Black pudding had danced before my eyes on all sorts of menus all week—lunch, dinner, often combined with steak or lamb in a chef-oriented entrée. I knew I had to taste it before I left, and I resolved to do so that last morning. I thought it was pudding like maybe tapioca, so I asked our host, David, if I could have just a teaspoonful. Well, it didn’t come that way—it was a coarse-textured and very black pattie, like I remember my mom cutting off cans of corned beef hash. I ate my sausage and eyed that pattie. Finally I took a bite: it tasted like oatmeal, maybe a bit saltier, maybe a bit sweeter. I asked David the point of adding the dried pigs blood, and he said he supposed it was simply to make use of every part of the animal. (I must learn to take pictures of food!) I did eat almost all of it, I’m glad I tried it, but I won’t miss it much since it’s not available here.

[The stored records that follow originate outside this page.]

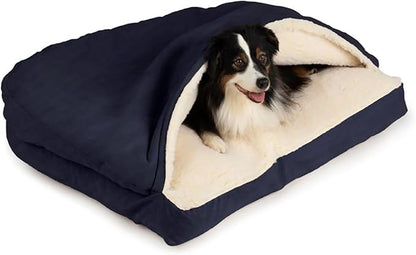 Snoozer Rectangle Cozy Cave Dog Bed - Indoor Dog Bed with Cover Cave, Covered Calming Burrow for Large Sized Pets with Blanket Attached, Enclosed, Washable Cover - XL, Navy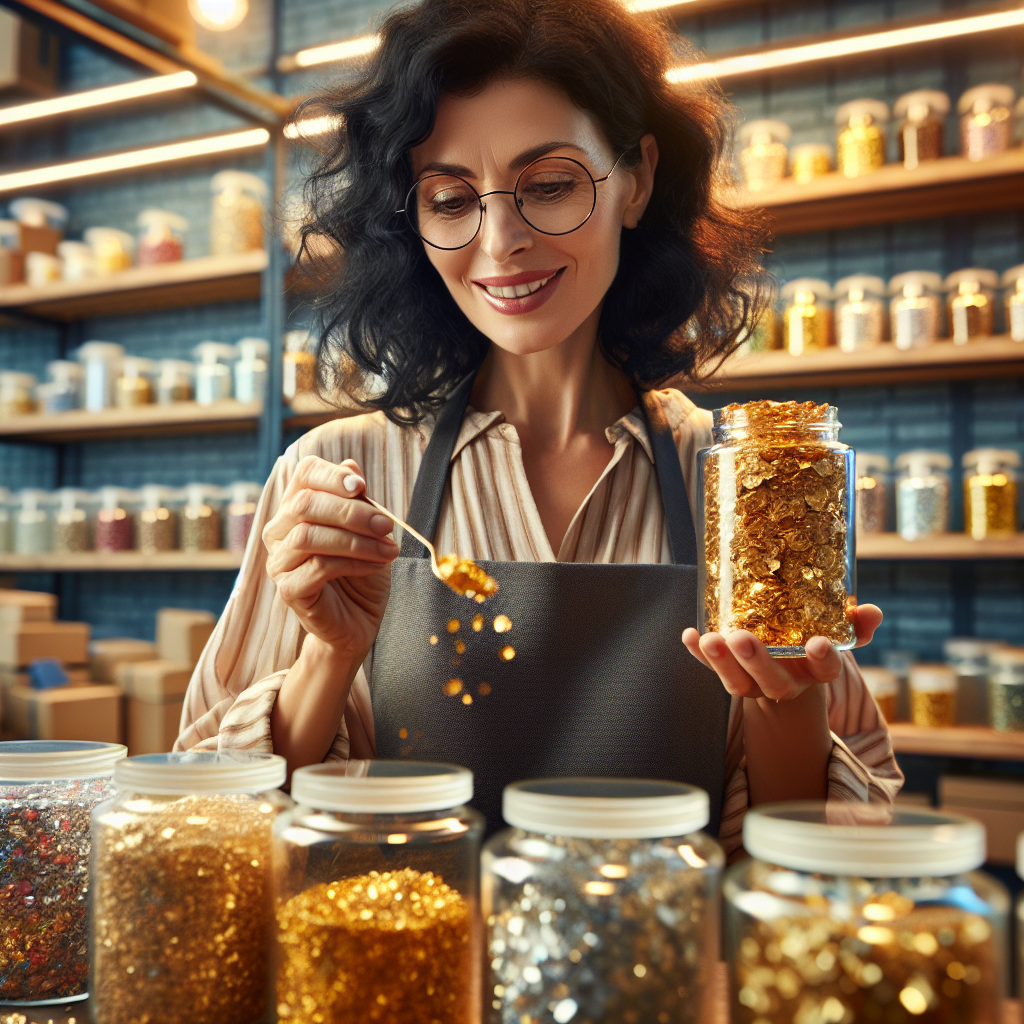 A gold flake distributor's workspace with a smiling woman inspecting gold flakes in jars.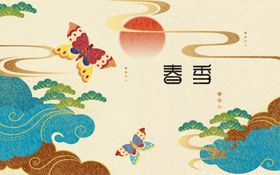 中国风绿色春天背景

There is one airplane story on what seemed an interminable flight: a friend who is a wellness counselor had given me a sheet of exercises that you can do in your seat to avoid deep vein thrombosis. They involved turning your feet in small circles, walking in place while sitting, stretching your arms various ways, etc. I did them rather faithfully, and the kids thought it was funny to imitate me, especially when we were sitting in exit aisles and had plenty of leg room. They would swing their feet and legs in wide circles, grinning at me all the time. Passersby—and the attendants—must have thought we were all nuts.
We landed in Houston at 8:40--I don't even want to think about what time that was in Scotland--and Megan caught a flight (barely) to Austin; Colin and I went to his house, and everyone crashed. Next morning I was on a 9:00 a.m. flight to DFW and home before noon. The trip was over before I knew it.
In this series of posts I have referred to my son and daughter, ages 42 and 40 respectively, as “the kids.” They are; they will always be my children. But they are the best traveling companions (and guardians) ever.
If you’ve enjoyed my posts on Scotland, I’m grateful. Writing them was a great way to cement the trip in my mind, just as it feels as if it might flit away in the dailyness of life. It also helped me gain some perspective on all that we saw and did. I surely haven’t seen all of Scotland, let alone a sixteenth of its many castles. I’m glad we went at the pace we did and saw as much as we could. But on another trip—yes, now I’m counting on it—I’d like to stay in one place for several days, probably on Skye.